## EXERCISE GOAL
Copy, exactly and without additions, every line in the records below from the one holding "Super Wings - Articulated Action-Donnie" through the one holding "Tunceli’de ihtiyaç sahiplerine", both ends included.

## RECORD EXCERPTS
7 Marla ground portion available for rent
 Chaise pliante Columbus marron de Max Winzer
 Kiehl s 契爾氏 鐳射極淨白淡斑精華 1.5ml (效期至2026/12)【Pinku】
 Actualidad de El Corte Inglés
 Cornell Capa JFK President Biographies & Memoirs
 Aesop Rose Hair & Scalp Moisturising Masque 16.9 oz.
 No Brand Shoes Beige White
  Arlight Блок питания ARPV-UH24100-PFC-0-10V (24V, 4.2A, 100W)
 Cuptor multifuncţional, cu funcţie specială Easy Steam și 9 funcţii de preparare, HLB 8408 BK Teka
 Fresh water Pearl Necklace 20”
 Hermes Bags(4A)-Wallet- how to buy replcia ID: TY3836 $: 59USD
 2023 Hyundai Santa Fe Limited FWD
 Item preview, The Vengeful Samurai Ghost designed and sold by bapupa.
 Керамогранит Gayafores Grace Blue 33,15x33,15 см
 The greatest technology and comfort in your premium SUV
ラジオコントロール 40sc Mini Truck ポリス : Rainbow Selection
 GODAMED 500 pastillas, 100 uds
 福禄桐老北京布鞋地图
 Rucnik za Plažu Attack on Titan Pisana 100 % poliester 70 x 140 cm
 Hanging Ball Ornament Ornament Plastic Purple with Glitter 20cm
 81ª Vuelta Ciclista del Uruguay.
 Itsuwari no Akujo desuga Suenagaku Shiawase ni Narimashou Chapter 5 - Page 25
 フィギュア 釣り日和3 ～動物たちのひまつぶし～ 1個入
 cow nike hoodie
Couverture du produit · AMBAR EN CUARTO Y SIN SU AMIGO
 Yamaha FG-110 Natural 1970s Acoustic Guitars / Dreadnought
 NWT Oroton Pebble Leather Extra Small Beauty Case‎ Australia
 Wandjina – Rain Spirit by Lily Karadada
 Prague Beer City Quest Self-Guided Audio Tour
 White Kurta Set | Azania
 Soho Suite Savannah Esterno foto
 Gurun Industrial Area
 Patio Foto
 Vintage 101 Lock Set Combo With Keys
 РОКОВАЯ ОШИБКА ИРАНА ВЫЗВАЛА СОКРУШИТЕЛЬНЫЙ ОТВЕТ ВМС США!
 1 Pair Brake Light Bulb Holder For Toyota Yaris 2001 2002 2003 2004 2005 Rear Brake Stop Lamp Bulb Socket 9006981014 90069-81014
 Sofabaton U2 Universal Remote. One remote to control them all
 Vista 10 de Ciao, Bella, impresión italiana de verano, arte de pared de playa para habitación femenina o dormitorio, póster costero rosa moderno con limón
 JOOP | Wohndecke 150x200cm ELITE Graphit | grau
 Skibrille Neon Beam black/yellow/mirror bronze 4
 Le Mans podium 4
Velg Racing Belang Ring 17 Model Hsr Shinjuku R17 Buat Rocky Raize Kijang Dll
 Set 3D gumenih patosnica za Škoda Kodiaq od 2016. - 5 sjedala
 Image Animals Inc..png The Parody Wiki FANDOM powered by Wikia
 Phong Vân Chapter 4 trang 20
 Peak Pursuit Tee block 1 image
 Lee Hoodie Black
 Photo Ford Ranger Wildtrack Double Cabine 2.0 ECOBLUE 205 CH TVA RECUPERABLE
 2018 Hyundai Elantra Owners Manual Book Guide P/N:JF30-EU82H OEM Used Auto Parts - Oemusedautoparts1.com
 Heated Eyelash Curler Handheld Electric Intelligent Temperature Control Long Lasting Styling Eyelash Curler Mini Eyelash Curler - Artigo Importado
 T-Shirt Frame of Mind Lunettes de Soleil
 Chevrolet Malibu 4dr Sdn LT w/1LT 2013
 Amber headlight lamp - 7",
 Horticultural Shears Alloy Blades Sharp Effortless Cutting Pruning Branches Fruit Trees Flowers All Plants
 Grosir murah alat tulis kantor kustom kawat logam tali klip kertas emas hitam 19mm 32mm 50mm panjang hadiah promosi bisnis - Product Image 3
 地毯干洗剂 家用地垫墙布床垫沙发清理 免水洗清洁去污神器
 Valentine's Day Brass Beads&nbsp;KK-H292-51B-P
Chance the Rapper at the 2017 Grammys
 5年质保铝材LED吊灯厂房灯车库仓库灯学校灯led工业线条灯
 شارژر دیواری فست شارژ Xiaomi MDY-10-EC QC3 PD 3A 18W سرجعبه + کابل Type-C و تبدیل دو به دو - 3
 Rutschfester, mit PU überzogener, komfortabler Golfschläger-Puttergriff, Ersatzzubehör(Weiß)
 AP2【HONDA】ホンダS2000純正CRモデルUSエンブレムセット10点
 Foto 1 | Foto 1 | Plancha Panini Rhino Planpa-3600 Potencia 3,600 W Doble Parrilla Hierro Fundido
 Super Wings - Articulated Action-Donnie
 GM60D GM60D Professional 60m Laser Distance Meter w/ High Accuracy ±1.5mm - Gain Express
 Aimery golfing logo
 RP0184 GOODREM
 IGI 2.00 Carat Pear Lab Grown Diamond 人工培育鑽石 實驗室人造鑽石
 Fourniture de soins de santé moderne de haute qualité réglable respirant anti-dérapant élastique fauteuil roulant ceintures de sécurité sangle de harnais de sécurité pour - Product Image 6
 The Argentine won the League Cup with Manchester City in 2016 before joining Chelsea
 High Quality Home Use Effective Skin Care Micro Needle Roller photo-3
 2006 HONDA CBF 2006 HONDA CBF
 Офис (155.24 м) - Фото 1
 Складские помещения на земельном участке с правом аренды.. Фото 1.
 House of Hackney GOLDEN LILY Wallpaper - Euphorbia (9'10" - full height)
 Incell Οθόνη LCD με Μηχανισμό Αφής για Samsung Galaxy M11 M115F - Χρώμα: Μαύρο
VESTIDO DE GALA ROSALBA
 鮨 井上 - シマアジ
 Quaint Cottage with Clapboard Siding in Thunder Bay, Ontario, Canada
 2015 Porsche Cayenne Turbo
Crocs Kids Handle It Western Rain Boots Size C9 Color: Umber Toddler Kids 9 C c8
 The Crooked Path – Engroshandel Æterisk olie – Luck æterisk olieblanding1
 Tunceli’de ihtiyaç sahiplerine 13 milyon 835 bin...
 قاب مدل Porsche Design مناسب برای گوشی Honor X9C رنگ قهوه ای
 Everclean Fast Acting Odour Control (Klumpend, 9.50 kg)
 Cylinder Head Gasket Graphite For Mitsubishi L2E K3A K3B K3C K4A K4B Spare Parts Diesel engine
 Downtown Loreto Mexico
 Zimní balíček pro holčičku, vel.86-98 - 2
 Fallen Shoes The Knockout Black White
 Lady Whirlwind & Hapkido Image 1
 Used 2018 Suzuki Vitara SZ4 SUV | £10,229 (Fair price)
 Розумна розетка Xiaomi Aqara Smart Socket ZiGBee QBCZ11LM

## YOUR RESPONSE
 Super Wings - Articulated Action-Donnie
 GM60D GM60D Professional 60m Laser Distance Meter w/ High Accuracy ±1.5mm - Gain Express
 Aimery golfing logo
 RP0184 GOODREM
 IGI 2.00 Carat Pear Lab Grown Diamond 人工培育鑽石 實驗室人造鑽石
 Fourniture de soins de santé moderne de haute qualité réglable respirant anti-dérapant élastique fauteuil roulant ceintures de sécurité sangle de harnais de sécurité pour - Product Image 6
 The Argentine won the League Cup with Manchester City in 2016 before joining Chelsea
 High Quality Home Use Effective Skin Care Micro Needle Roller photo-3
 2006 HONDA CBF 2006 HONDA CBF
 Офис (155.24 м) - Фото 1
 Складские помещения на земельном участке с правом аренды.. Фото 1.
 House of Hackney GOLDEN LILY Wallpaper - Euphorbia (9'10" - full height)
 Incell Οθόνη LCD με Μηχανισμό Αφής για Samsung Galaxy M11 M115F - Χρώμα: Μαύρο
VESTIDO DE GALA ROSALBA
 鮨 井上 - シマアジ
 Quaint Cottage with Clapboard Siding in Thunder Bay, Ontario, Canada
 2015 Porsche Cayenne Turbo
Crocs Kids Handle It Western Rain Boots Size C9 Color: Umber Toddler Kids 9 C c8
 The Crooked Path – Engroshandel Æterisk olie – Luck æterisk olieblanding1
 Tunceli’de ihtiyaç sahiplerine 13 milyon 835 bin...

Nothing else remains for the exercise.